This is the first.


There is something great about being first, right?  Like democracy.

You’re going to read a lot of bullshit from me in the coming months.  Or I will write the bullshit, and I will assume you’re reading it.  Which is presumptuous of me, but this is my show.

Sometimes we’ll talk about politics.  Let’s just say that Donald Trump may try to sue me.

Other times, we’ll talk about anything else.  I may sit here and talk about my favorite potato chip.  Or how Dan Quayle can’t spell it.  Of course, I’m not entirely sure I spelled it right, myself.  Or his name for that matter.

I will be silly.  Obnoxious.  Serious.  Other single word sentences.

Please know that I’m a fat guy who lives in a van down by the river.  That last part is pretty accurate.

I’m actually going to watch that video now.

A little bit of background on me can be found on my About page.  I’m too lazy to link it right there.  Read that first, though.  And be thoroughly inconvenienced by having to come back to right here.  Nah, I’m not gonna do that.  But seriously, do.

My grandfather died last year.  Whatever little mental balance I had went out the window when that happened.  My childhood was made of nightmares, and he was maybe the sole source of comfort I had growing up.  I subsequently changed jobs and decided that life was too short to live in a piss box like South Carolina.  So I took the train L.A. and have decided to stay for awhile.  Maybe permanently.  Which is saying something, because I’ve seriously lived everywhere.

I came to California in search of long lost relatives and to try and build a unique life for myself.  I came out here with $10,000.  Apparently that money does not go far these days.  Quite disappointing.  At least I got a Jetta out of it.

Now I am becoming acclimated to the area.  Hell, I even had dental work done.  I feel like I’m home.  Except for the fucking traffic.  I hate you, traffic.

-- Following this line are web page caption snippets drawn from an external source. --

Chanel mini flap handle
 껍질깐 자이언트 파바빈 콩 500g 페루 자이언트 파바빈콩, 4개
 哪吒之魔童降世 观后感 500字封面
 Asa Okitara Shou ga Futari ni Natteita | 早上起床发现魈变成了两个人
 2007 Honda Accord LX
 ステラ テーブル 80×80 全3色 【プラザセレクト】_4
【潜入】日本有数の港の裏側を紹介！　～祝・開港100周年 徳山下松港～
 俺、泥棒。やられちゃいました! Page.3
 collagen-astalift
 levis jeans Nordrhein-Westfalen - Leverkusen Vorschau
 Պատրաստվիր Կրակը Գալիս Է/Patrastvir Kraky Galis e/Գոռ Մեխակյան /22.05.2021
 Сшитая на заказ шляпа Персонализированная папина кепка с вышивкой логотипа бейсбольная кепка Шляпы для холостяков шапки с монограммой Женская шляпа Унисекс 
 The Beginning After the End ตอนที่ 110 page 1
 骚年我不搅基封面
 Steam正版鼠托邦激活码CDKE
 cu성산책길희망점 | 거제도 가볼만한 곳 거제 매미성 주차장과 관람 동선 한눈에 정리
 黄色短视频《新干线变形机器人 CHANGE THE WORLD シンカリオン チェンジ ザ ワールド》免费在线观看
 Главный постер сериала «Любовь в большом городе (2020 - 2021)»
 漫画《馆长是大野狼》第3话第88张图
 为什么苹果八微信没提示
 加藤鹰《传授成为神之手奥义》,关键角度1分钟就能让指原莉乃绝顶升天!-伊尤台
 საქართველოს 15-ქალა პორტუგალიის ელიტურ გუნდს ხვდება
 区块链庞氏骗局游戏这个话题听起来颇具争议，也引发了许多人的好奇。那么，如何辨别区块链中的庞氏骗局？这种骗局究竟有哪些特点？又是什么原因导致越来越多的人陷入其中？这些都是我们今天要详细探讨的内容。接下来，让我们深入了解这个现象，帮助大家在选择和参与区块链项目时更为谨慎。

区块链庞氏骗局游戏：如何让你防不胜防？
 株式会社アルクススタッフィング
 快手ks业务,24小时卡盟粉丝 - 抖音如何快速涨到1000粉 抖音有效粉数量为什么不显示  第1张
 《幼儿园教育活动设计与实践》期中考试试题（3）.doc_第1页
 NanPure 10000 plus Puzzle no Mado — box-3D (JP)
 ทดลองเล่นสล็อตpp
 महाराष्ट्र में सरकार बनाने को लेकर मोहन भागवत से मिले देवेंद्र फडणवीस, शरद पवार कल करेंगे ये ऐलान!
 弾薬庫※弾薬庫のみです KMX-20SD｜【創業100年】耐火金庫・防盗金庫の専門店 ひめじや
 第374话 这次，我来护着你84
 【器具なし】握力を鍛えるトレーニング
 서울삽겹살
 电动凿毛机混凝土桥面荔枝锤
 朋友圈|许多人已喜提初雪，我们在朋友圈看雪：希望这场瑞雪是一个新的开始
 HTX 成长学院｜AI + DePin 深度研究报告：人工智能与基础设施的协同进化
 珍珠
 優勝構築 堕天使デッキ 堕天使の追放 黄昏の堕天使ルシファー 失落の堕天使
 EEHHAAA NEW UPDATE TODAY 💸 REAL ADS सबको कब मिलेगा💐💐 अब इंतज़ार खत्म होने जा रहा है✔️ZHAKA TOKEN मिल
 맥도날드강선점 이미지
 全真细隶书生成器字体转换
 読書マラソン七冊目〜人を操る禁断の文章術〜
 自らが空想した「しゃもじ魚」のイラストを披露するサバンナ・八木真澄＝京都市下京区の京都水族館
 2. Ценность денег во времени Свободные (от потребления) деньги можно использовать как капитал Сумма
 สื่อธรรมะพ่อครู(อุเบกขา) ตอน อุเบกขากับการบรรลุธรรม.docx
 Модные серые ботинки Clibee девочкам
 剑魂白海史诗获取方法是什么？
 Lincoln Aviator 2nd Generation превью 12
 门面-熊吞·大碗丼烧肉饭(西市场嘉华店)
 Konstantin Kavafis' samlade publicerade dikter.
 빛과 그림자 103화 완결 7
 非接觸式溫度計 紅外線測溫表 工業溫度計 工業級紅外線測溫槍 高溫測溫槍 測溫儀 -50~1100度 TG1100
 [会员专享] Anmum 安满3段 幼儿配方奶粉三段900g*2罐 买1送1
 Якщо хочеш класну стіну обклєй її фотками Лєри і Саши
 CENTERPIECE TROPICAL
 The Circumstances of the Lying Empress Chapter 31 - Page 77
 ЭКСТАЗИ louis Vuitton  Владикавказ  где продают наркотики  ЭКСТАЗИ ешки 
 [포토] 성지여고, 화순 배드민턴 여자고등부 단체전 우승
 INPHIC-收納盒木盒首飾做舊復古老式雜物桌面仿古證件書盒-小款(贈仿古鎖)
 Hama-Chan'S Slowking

To anyone who doesn’t know this, there is no good reason you should ever take the 405.  Unless you want to sit in the hot sun all day.  If you like that kind of thing, then you’re a fucking moron, but definitely in the right place.

So I have a cousin.  I don’t remember ever knowing her before, but she remembers me as a young kid.  She seems like a pretty awesome person.  I once told her that it felt like I was still trying to get to know her, but feel like I always have.  The nice thing is that I can be myself around her, mostly.  And she’s down for some Costco.  For reasons that don’t concern you, I won’t really be talking about her on this blog.  But everyone deserves a shout out.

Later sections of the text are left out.